PROBLEM: Copy out exactly the stretch below, from the line with "Chaos Coordinator Mom" through the line with "プラダ PRADA ウェリントン", both included; the pictures stay out.
[MATERIAL SUPPLIED Boundary: Start]
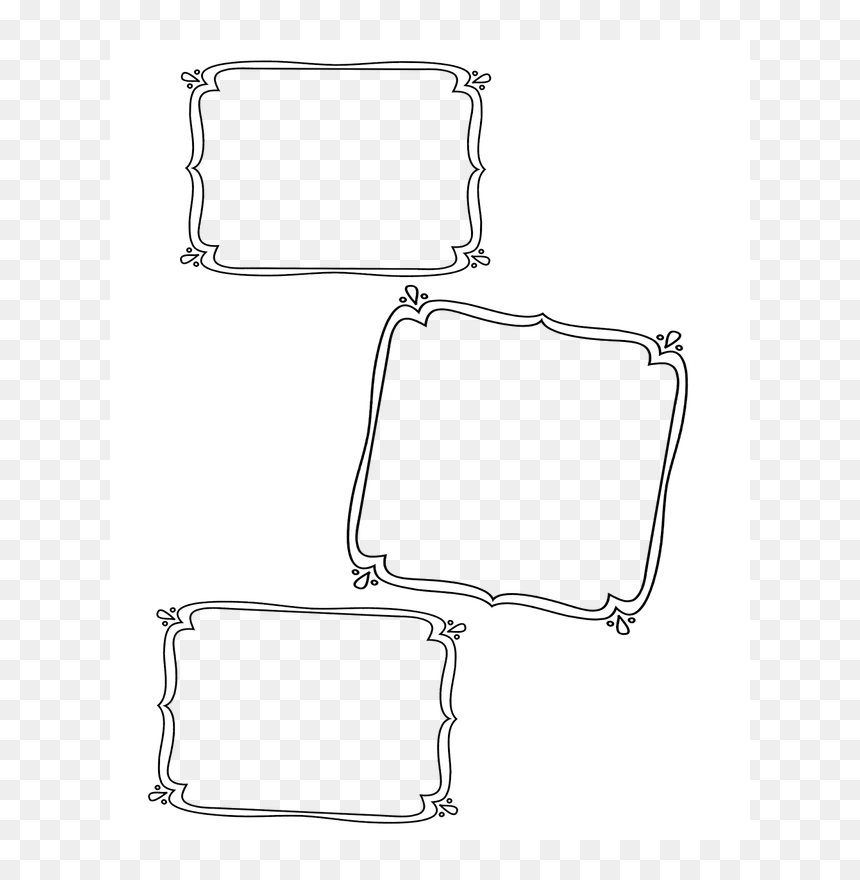 Illustration, HD Png Download - black frame png
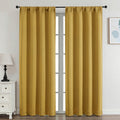 Blackout Curtain Set 2 Panels Thermal Insulated Room Darkening Drapes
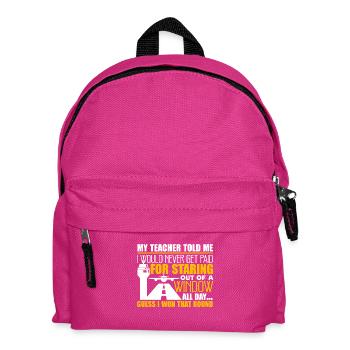 Air Traffic Controller I am A Air Traffic Control - Kids' Backpack - fuchsia - Front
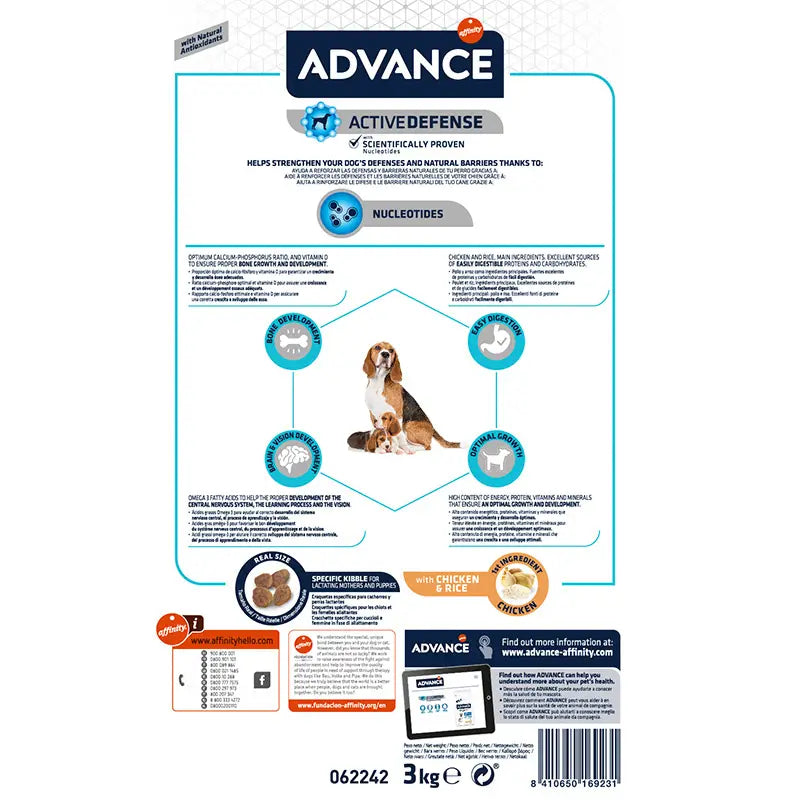 Advance Canine Puppy Protect Initial 3Kg, alimento per cani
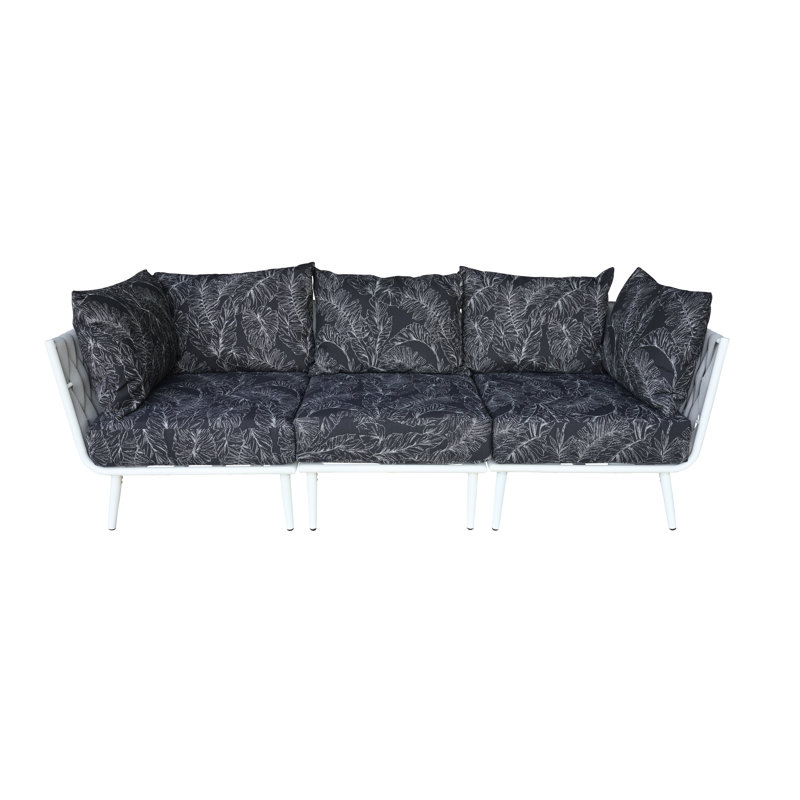 Canapé Cayman - avec coussins Sunbrella, Noir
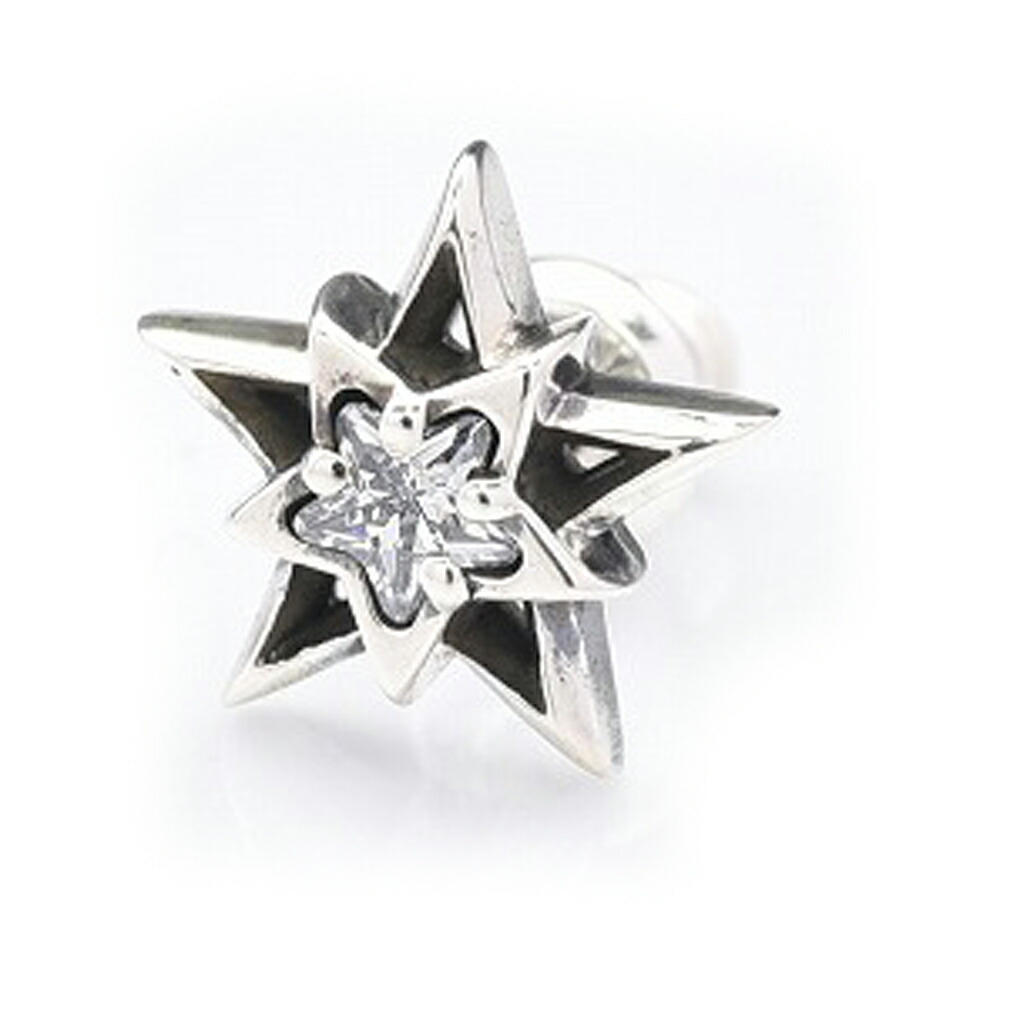 DEAL DESIGN ディールデザイン ドロップスターピアスwith stone ピアス メンズアクセサリー 有名ブランド 人気 アクセサリー プレゼント おしゃれ メンズアクセサリー レディースアクセサリー ギフト シルバー925 シルバーアクセサリー 銀 SV925 スターリングシルバー ピアス｜アリゼ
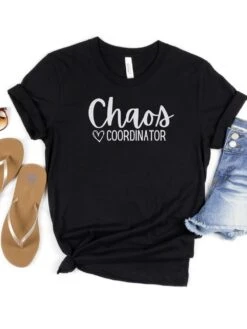 Chaos Coordinator Mom T-Shirt Bella + Canvas Unisex Jersey Short Sleeve Tee - Many Colors -Little Loom Store 3 b51ea1ed a5d2 4d62 b662 95d31992e075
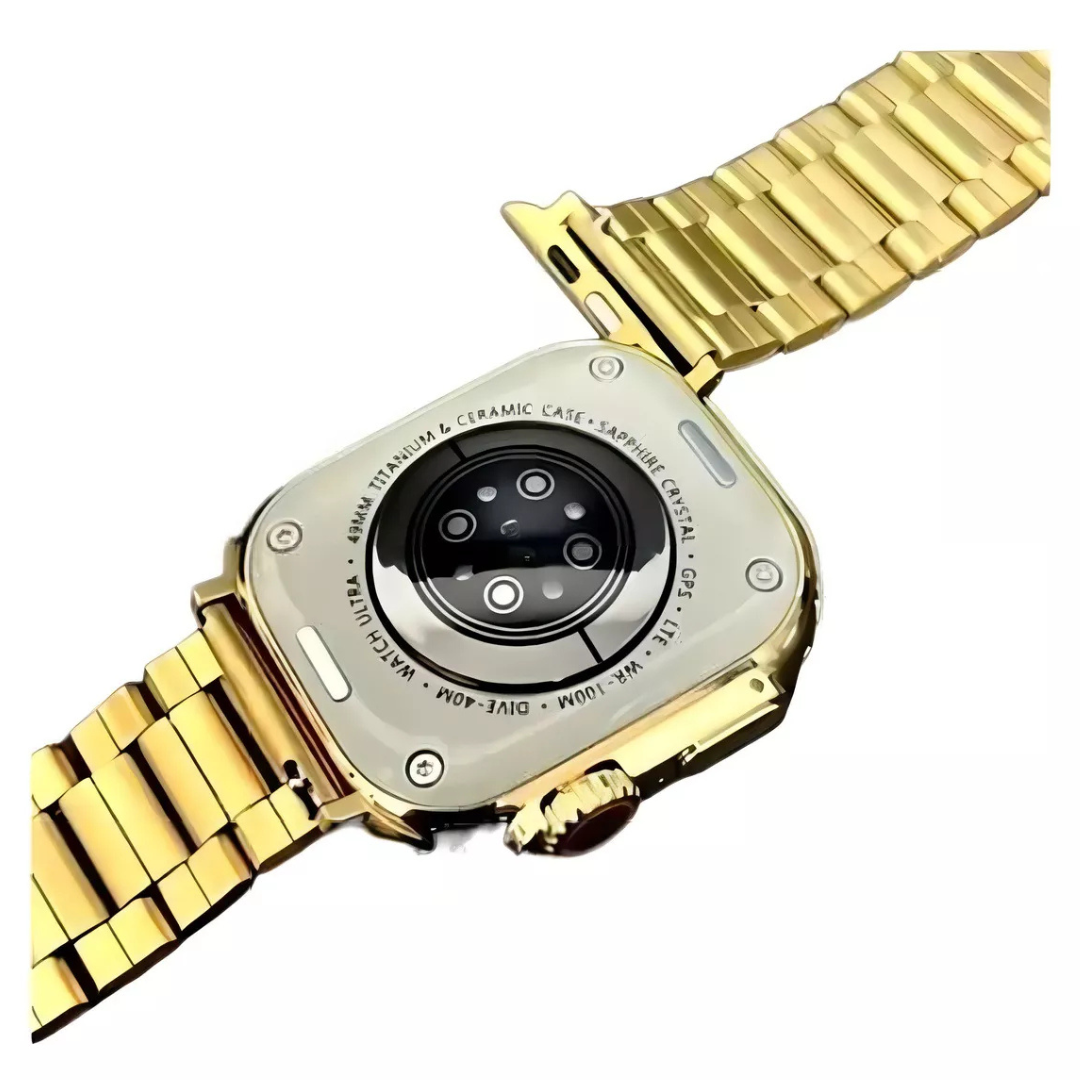 Smartwatch Ultra 9 Mini Gold 24k Dourado Versão Gold Série 9 41mm- Dourada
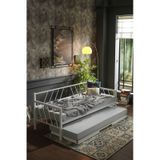 Bedliga Glory Yavrulu Daybed Tek-Çift Kişilik Metal Karyola beyaz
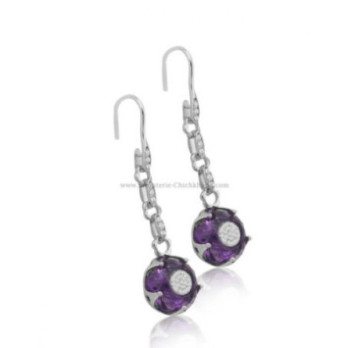 Boucles D'oreilles Diamants 54304
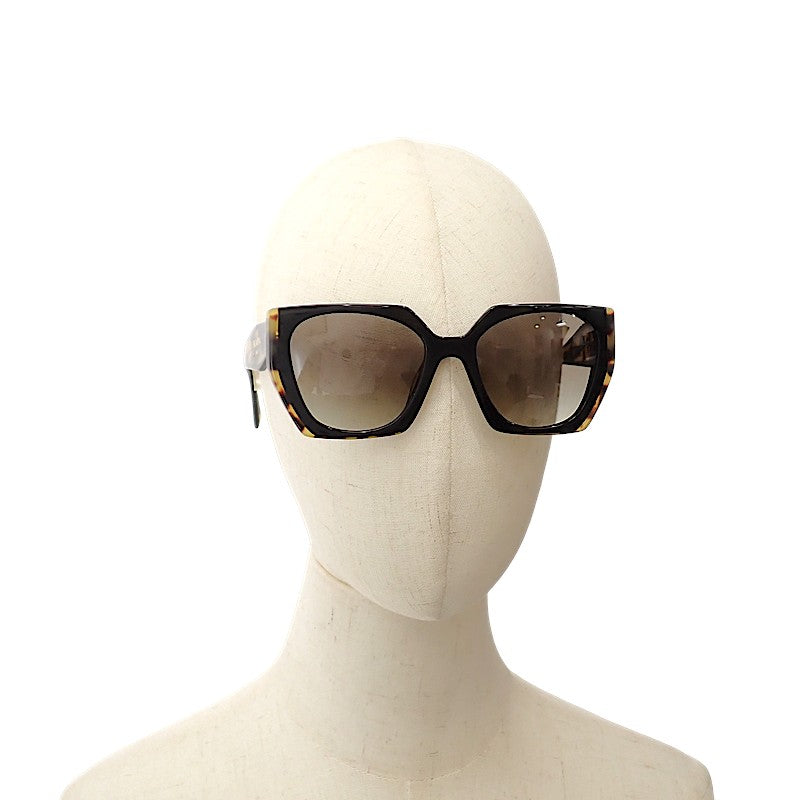 プラダ PRADA ウェリントン SPR15W サングラス プラスチック ブラウン グレー レディース【中古】【Aランク】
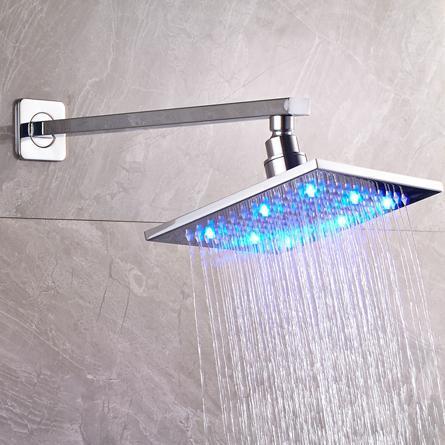Rain Shower Heads - Wall Mounted Bathroom Top Shower Head With LED Lights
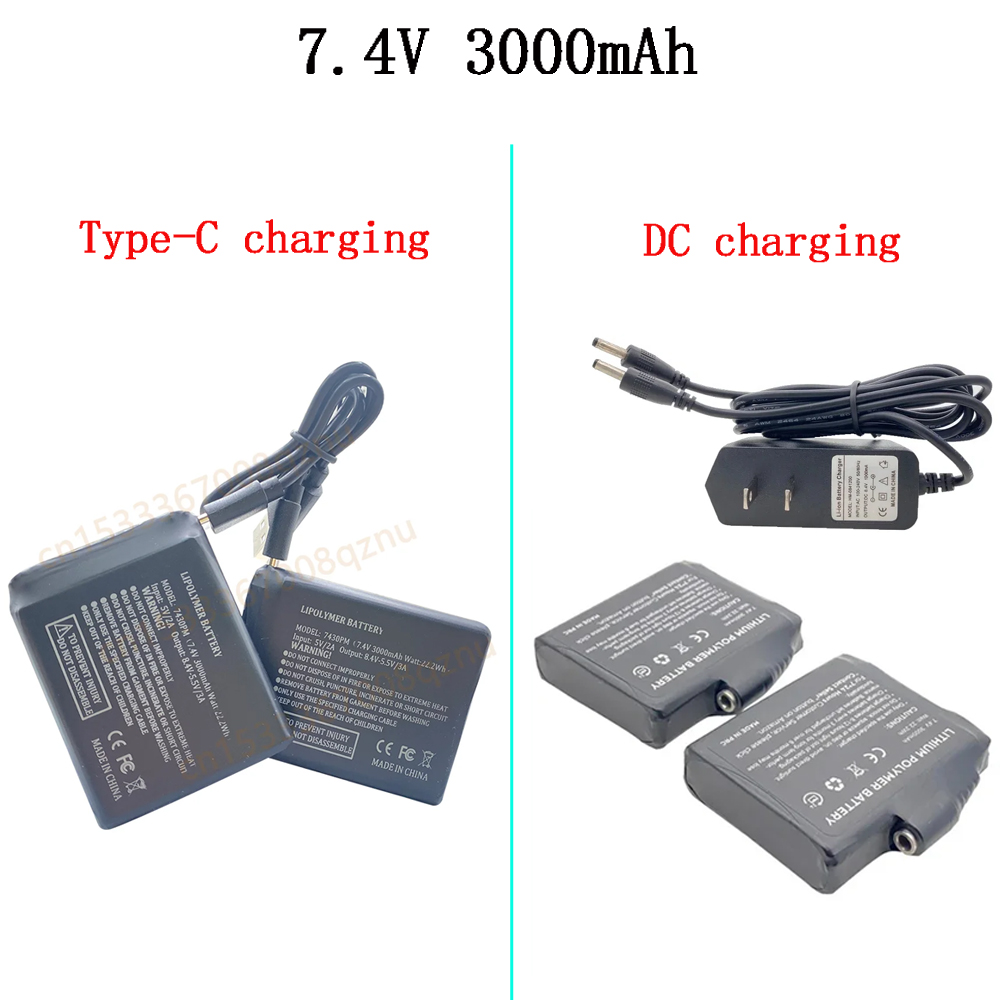 แบตเตอรี่ถุงมืออุ่น 7.4V 3000m - Heated Vest Battery บทวิจารณ์และราคา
[MATERIAL SUPPLIED Boundary: End]
PROBLEM SOLUTION:
 Chaos Coordinator Mom T-Shirt Bella + Canvas Unisex Jersey Short Sleeve Tee - Many Colors -Little Loom Store 3 b51ea1ed a5d2 4d62 b662 95d31992e075
 Smartwatch Ultra 9 Mini Gold 24k Dourado Versão Gold Série 9 41mm- Dourada
 Bedliga Glory Yavrulu Daybed Tek-Çift Kişilik Metal Karyola beyaz
 Boucles D'oreilles Diamants 54304
 プラダ PRADA ウェリントン SPR15W サングラス プラスチック ブラウン グレー レディース【中古】【Aランク】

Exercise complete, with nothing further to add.